### Brief
What is needed is a word-for-word copy of the lines below from the one with "Djeco - Bastelset" through the one with "Lo stand di Projet Formation a MaisonLoisir", both included, with every picture left out.
- Opening Delimiter -
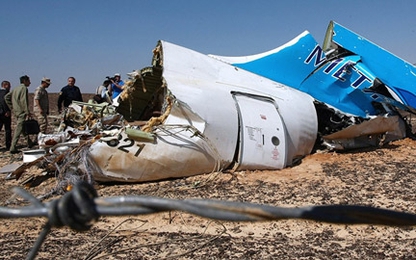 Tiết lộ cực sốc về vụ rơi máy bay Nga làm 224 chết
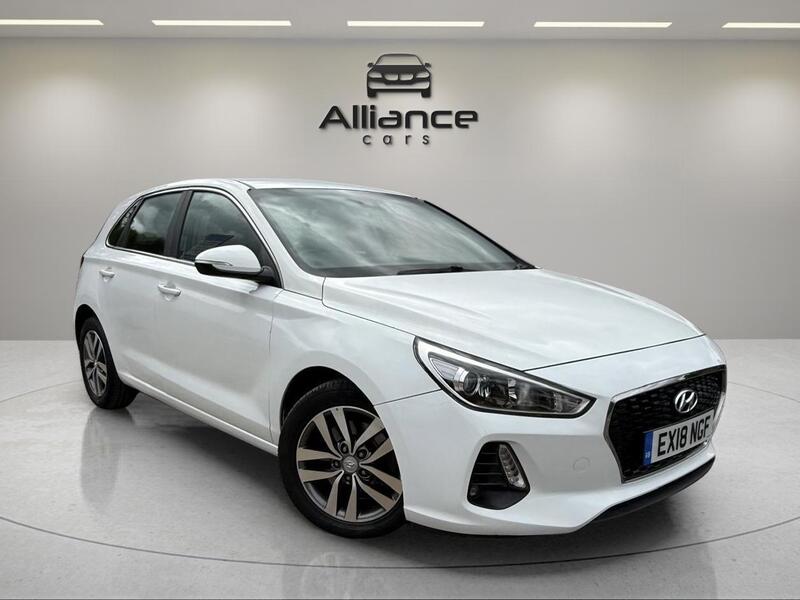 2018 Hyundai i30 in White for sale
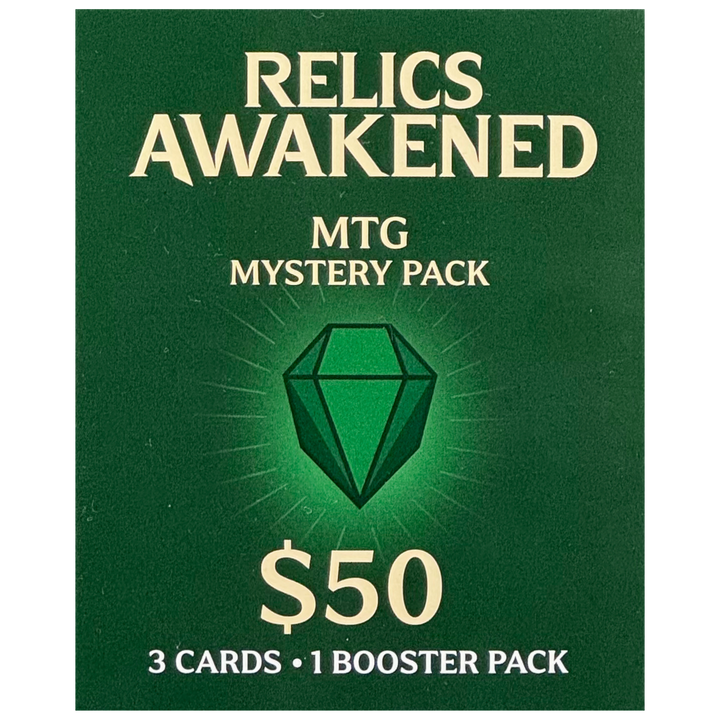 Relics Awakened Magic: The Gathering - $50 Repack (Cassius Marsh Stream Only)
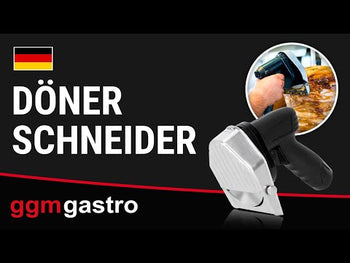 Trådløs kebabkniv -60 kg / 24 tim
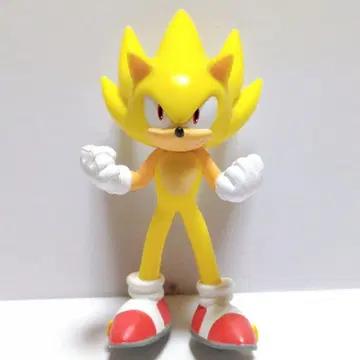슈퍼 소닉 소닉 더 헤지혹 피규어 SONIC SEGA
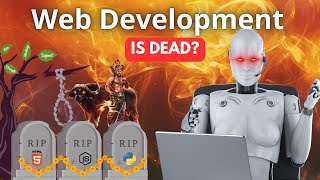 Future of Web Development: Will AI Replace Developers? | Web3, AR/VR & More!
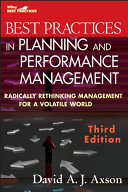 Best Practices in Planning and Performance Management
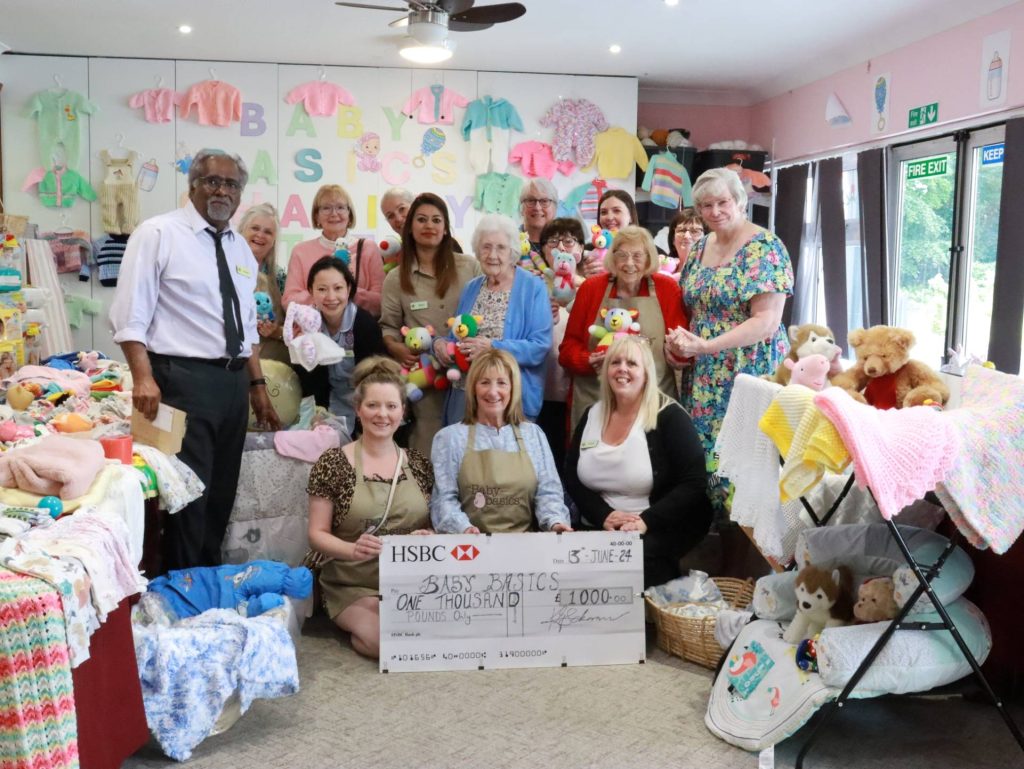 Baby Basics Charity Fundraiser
- Closing Delimiter -
- Opening Delimiter -
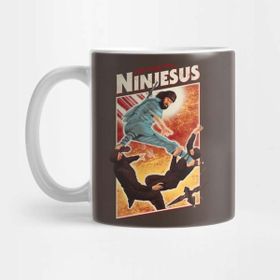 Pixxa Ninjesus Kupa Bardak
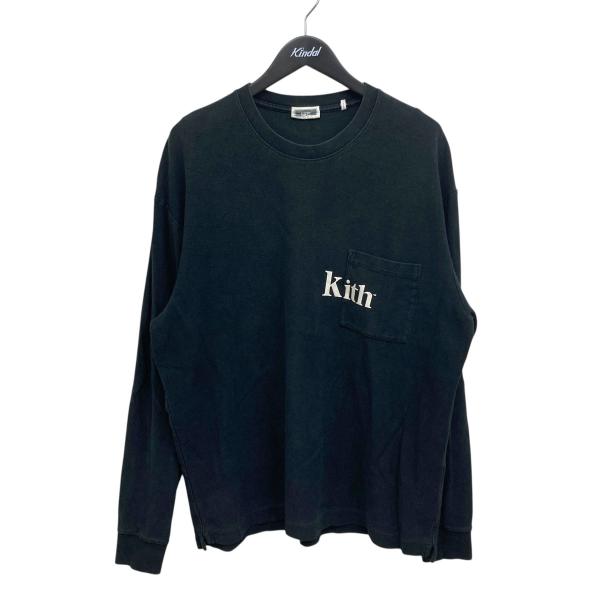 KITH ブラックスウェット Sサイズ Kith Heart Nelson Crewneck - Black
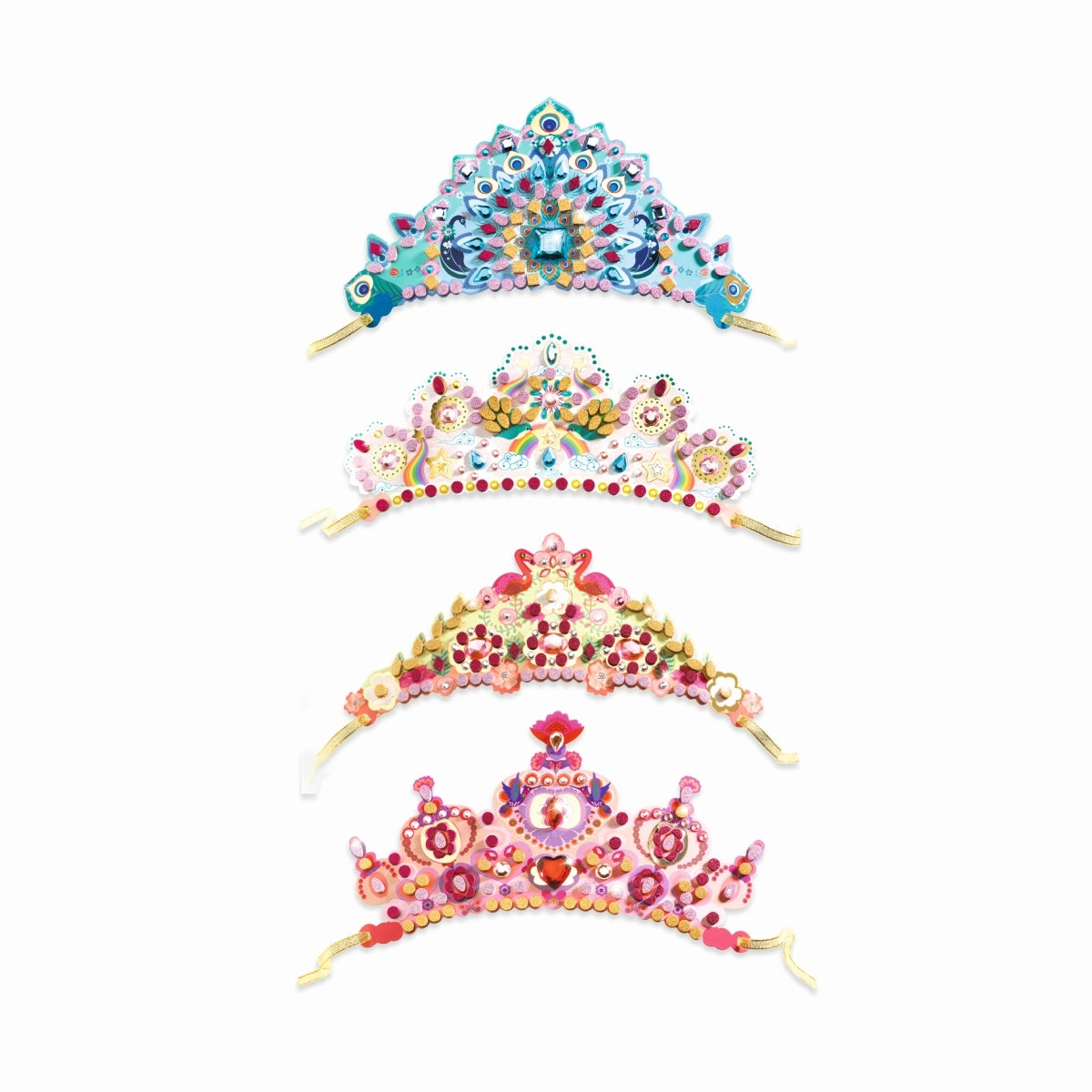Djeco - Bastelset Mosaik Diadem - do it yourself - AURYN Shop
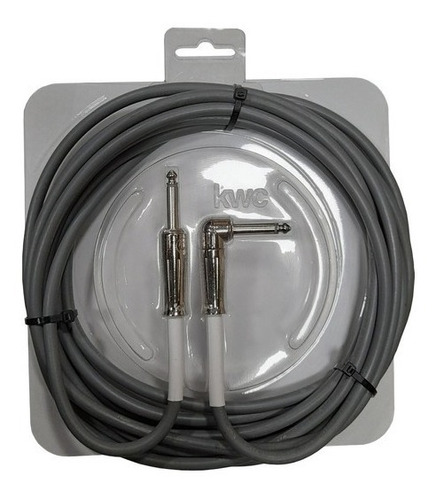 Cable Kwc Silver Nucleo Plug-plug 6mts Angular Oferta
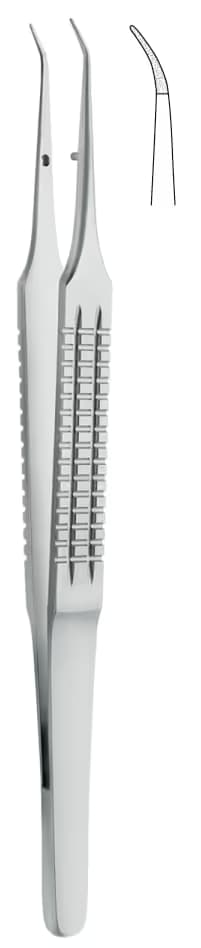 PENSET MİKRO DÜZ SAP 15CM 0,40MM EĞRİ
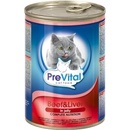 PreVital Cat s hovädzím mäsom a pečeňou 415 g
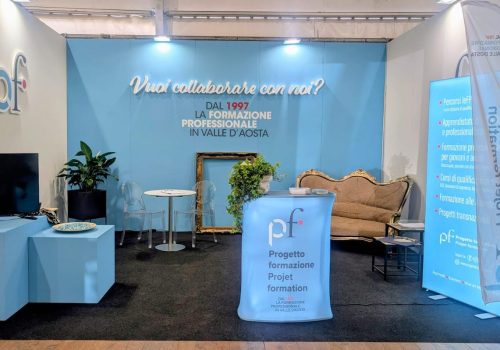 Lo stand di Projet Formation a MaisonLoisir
- Closing Delimiter -
- Opening Delimiter -
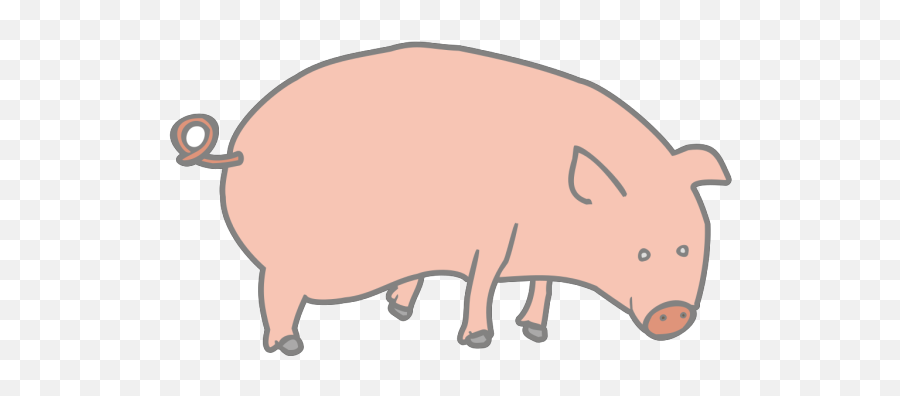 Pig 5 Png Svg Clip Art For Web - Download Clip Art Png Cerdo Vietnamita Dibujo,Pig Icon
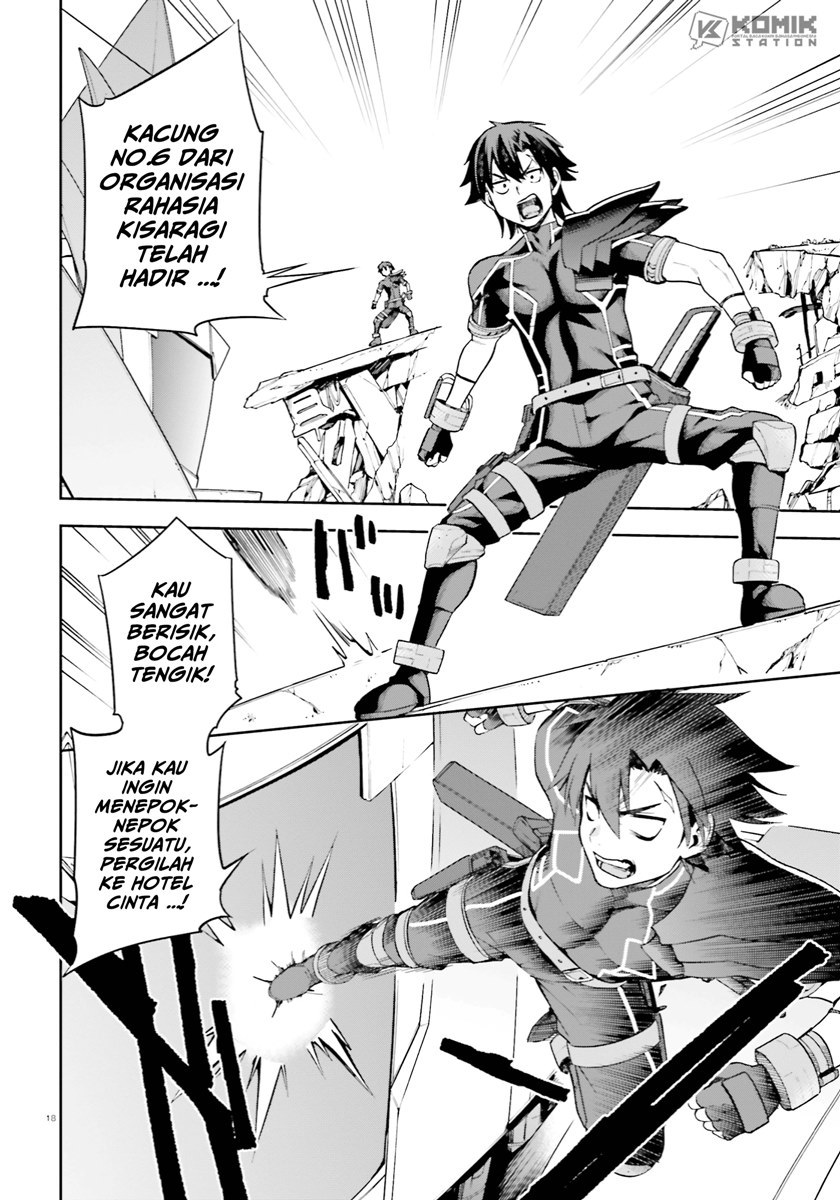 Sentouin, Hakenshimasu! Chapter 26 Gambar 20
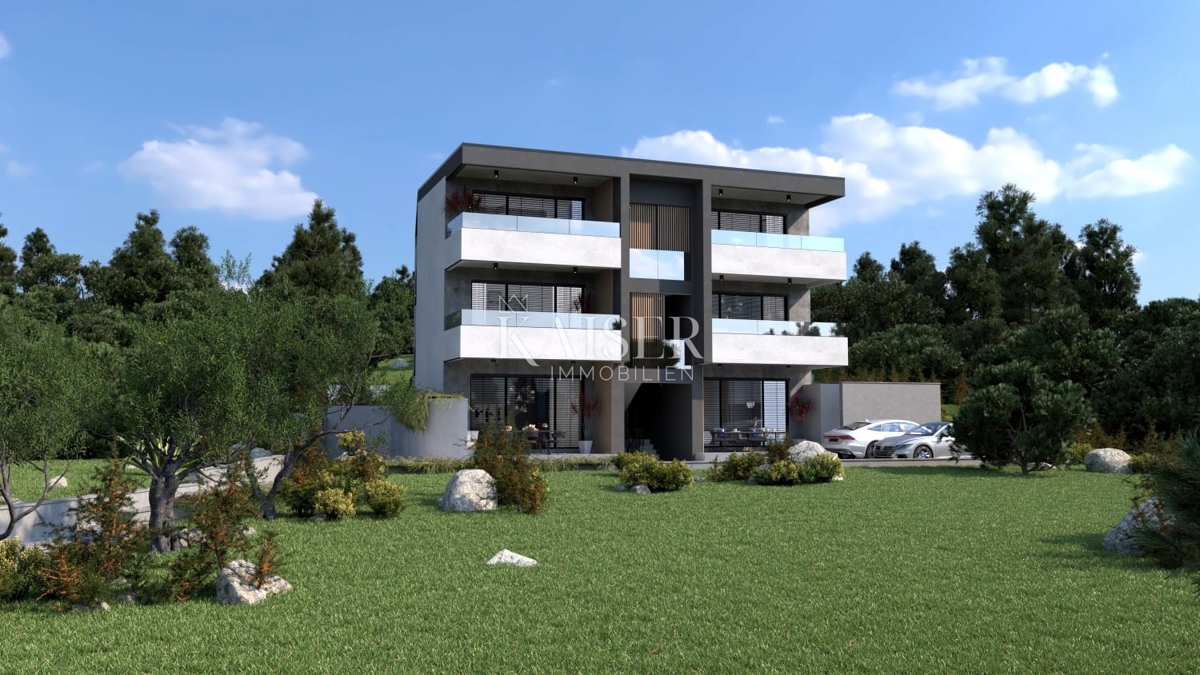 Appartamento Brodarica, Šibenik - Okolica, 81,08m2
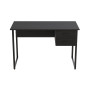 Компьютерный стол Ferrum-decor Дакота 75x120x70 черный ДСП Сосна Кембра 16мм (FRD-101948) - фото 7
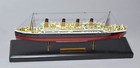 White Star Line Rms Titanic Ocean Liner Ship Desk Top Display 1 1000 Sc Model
- Closing Delimiter -
### Output for this task
Djeco - Bastelset Mosaik Diadem - do it yourself - AURYN Shop
 Cable Kwc Silver Nucleo Plug-plug 6mts Angular Oferta
 PENSET MİKRO DÜZ SAP 15CM 0,40MM EĞRİ
 PreVital Cat s hovädzím mäsom a pečeňou 415 g
 Lo stand di Projet Formation a MaisonLoisir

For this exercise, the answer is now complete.